LCQ18: Complaints on billing of telecommunications services
Following is a question by the Hon Albert Chan Wai-yip and a written reply by the Acting Secretary for Commerce and Economic Development, Mr Gregory So, in the Legislative Council today (November 11):
Recently, I have received complaints from a number of members of the public pointing out that they were charged by telecommunications service providers for services they did not apply for. In addition, some members of the public pointed out that the service charges of the telecommunications service providers were much higher than those they should actually pay, thus causing them to suffer huge losses. In this connection, will the Government inform this Council:
(a) whether it knows the number of complaints, received respectively by the Office of the Telecommunications Authority and the Consumer Council in each of the past three years, which involved excessive fee-charging by telecommunications service providers, and the names of the service providers concerned, broken down by the type of telecommunications services (e.g. fixed-line telephones, mobile phones, external telecommunications and broadband Internet access, etc.) and the nature of complaints;
(b) among the cases mentioned in (a), of the number of those in which the complainants recovered compensation successfully, as well as the names of the telecommunications service providers which were prosecuted and the number of prosecutions instituted against them; and
(c) apart from continuing to implement the existing measures to regulate telecommunications service providers, whether the authorities will adopt new regulatory measures, so as to better protect consumers' interests; if so, of the details; if not, the reasons for that?
The telecommunications services in Hong Kong are pervasive and competitive. Every year, the Office of the Telecommunications Authority (OFTA) and the Consumer Council (CC) receive a substantial number of complaints in respect of the billing (Note 1) of telecommunications services. The majority of these complaints are related to contractual disputes. Upon receiving the complaints, OFTA and the CC will refer them to the concerned service operators for follow-up direct. It is when there is evidence to indicate that an operator may breach the Telecommunications Ordinance (TO) or the licensing conditions that OFTA will commence investigation, and penalise the operator in substantiated cases.

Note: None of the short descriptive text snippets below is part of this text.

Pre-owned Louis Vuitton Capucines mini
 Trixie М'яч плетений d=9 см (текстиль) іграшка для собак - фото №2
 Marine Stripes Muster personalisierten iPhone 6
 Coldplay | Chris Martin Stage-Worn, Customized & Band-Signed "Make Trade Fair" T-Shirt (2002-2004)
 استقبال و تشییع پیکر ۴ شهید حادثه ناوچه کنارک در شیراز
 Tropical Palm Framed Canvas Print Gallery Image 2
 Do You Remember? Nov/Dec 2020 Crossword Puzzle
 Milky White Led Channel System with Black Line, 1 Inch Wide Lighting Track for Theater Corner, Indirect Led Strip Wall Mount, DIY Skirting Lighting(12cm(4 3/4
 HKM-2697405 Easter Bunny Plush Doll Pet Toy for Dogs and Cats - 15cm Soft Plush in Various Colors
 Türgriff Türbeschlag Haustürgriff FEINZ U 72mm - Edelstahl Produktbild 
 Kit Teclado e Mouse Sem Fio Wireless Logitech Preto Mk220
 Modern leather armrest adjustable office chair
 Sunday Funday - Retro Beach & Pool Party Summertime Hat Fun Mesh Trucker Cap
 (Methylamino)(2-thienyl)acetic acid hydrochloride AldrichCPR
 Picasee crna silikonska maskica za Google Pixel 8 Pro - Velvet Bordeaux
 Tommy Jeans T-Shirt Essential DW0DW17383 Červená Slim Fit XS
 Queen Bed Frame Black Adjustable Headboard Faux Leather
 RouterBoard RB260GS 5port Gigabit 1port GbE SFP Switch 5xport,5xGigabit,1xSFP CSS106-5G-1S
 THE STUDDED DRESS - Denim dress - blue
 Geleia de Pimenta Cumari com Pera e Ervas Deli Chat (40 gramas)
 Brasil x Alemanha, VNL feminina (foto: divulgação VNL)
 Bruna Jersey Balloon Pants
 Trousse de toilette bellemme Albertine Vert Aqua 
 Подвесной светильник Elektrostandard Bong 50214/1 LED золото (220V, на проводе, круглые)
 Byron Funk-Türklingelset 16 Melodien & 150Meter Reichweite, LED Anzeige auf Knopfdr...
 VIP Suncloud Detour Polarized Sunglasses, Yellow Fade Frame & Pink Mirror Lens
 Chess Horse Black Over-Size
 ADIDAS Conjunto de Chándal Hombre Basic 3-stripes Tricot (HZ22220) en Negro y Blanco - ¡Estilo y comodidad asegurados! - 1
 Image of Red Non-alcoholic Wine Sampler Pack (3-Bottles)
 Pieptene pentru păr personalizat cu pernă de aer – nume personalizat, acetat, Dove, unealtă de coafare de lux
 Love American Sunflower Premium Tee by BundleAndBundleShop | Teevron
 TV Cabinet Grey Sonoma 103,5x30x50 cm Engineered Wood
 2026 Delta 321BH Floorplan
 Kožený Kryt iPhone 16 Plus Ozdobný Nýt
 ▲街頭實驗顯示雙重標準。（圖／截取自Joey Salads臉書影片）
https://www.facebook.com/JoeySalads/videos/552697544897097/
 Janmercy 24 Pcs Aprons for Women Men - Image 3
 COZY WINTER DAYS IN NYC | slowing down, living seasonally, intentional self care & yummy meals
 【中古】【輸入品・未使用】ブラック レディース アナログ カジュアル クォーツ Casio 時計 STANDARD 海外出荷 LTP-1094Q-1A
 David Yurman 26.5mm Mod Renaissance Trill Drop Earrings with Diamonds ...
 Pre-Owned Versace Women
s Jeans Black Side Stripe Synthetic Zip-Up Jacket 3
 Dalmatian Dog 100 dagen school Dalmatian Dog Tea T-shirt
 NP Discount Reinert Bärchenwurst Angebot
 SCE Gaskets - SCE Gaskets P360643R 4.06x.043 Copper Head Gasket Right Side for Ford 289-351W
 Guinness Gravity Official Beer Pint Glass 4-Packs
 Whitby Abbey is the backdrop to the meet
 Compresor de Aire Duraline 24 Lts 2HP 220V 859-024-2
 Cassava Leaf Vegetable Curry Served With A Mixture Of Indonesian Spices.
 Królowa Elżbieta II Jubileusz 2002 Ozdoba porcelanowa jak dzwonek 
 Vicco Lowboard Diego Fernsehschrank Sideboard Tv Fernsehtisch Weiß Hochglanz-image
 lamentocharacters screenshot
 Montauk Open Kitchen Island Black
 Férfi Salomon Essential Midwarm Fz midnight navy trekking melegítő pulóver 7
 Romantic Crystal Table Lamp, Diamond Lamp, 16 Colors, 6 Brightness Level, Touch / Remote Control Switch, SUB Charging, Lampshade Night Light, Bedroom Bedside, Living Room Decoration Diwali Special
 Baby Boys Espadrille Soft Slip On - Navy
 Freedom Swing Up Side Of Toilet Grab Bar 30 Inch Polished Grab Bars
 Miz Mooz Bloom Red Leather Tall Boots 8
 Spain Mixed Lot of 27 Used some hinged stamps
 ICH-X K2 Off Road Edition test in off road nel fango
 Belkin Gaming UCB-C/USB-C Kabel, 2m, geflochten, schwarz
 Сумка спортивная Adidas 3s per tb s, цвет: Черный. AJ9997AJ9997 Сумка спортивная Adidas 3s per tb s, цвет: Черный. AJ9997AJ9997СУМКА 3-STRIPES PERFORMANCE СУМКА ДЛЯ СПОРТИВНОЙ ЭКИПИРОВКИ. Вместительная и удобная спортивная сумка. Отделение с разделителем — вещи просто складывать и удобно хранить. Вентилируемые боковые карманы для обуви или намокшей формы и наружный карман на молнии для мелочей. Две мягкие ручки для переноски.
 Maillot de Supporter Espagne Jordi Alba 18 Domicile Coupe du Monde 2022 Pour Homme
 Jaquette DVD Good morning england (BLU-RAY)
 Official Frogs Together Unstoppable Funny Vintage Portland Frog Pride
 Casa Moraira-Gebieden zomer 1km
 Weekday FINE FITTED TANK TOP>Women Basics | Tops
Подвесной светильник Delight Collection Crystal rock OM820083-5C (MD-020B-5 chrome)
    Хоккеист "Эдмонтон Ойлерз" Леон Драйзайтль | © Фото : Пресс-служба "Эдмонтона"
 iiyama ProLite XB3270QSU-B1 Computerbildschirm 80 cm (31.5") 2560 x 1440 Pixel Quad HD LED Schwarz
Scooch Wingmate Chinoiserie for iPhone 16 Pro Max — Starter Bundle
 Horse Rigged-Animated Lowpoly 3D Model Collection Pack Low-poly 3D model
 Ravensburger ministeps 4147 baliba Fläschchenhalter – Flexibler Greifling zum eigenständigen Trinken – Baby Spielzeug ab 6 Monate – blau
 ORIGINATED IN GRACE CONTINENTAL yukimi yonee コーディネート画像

My reply to the question is as follows:
(a) In each of the past three years, the number of complaints on billing disputes received by OFTA, broken down by the type of services, is set out below -
In each of the past three years, the number of complaints on billing disputes received by the CC, broken down by the type of services, is set out below -
As not all complaints are substantiated and some of these complaints may only be service enquiries, and different operators with different customer bases will also affect complaint figures, therefore, in line with the established practice of handling consumer complaints, OFTA and the CC will not publicise the names of the telecommunications services operators involved.
(b) For cases set out in Part (a), OFTA and the CC do not have figures on the number of complainants successfully recovering compensation or receiving refunds from the telecommunications services operators. As most of the complaints in respect of billing disputes are contractual disputes, OFTA do not intervene in these cases. OFTA has also found no breaches of the TO or the licensing conditions in respect of the complaints on billing (Note 2). Meanwhile, the main role of the CC is to help consumers resolve contractual disputes through mediation.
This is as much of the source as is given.